> _What needs to be done_
The reply must contain exactly the lines below from the one with "汕头前列腺炎不治疗有什么后果" down to the one with "un ojo completo", both included, and nothing more; please omit the pictures.

> _Supplied entries_
___
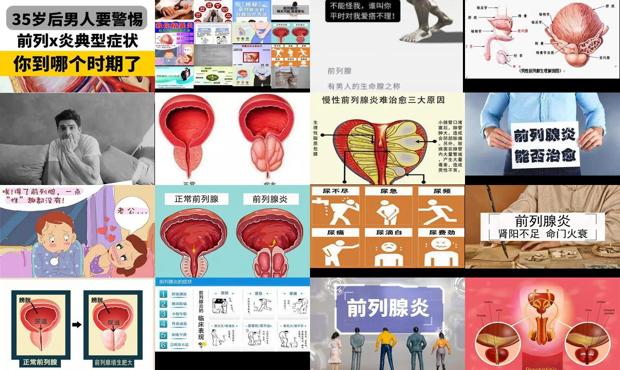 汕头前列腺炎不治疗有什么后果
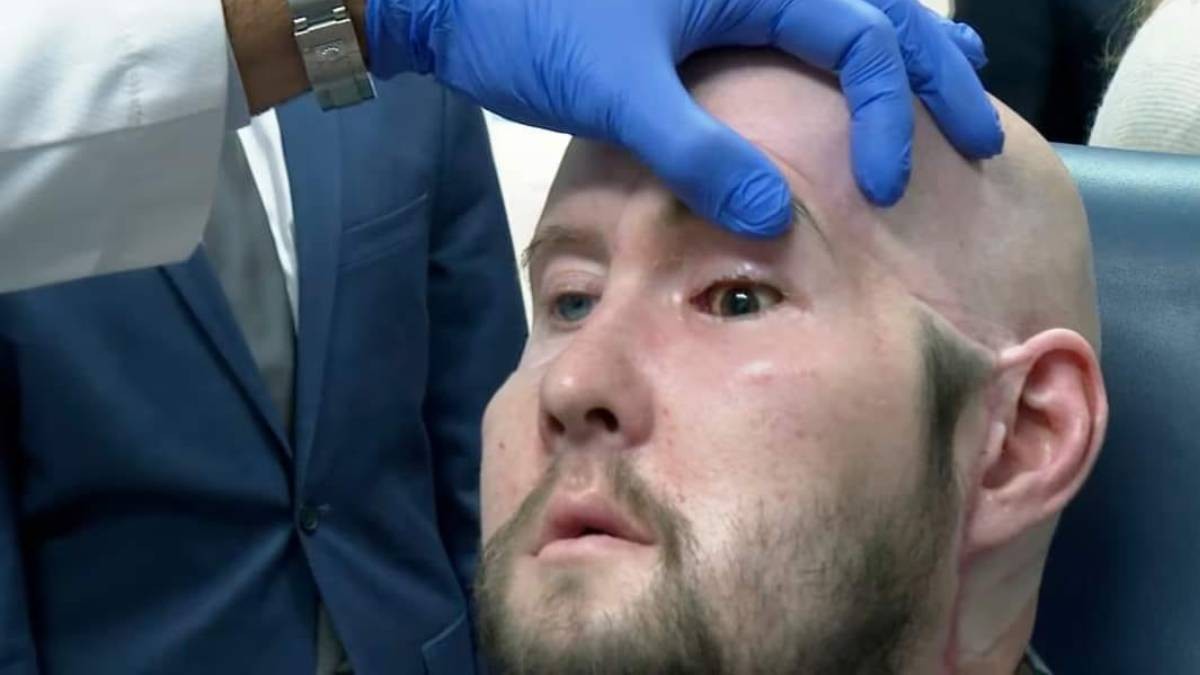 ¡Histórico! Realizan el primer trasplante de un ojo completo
___
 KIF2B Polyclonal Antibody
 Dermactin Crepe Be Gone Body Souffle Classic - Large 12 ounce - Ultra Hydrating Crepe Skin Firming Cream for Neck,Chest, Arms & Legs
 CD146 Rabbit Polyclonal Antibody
___
> _Answer section_
 汕头前列腺炎不治疗有什么后果
 ¡Histórico! Realizan el primer trasplante de un ojo completo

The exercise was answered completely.